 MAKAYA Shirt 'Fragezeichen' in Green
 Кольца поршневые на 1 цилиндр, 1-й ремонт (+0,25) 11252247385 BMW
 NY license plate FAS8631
==
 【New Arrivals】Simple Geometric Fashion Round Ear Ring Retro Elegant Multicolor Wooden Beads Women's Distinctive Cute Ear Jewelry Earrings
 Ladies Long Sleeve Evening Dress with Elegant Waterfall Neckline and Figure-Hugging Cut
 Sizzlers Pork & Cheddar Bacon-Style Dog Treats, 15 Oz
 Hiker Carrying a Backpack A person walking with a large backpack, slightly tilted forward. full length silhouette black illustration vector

- _Exercise directions_
All lines in the data above from the one with "MAKAYA Shirt 'Fragezeichen' in Green" through the one with "NY license plate FAS8631" must be repeated exactly, and no others.

- _Written answer_
 MAKAYA Shirt 'Fragezeichen' in Green
 Кольца поршневые на 1 цилиндр, 1-й ремонт (+0,25) 11252247385 BMW
 NY license plate FAS8631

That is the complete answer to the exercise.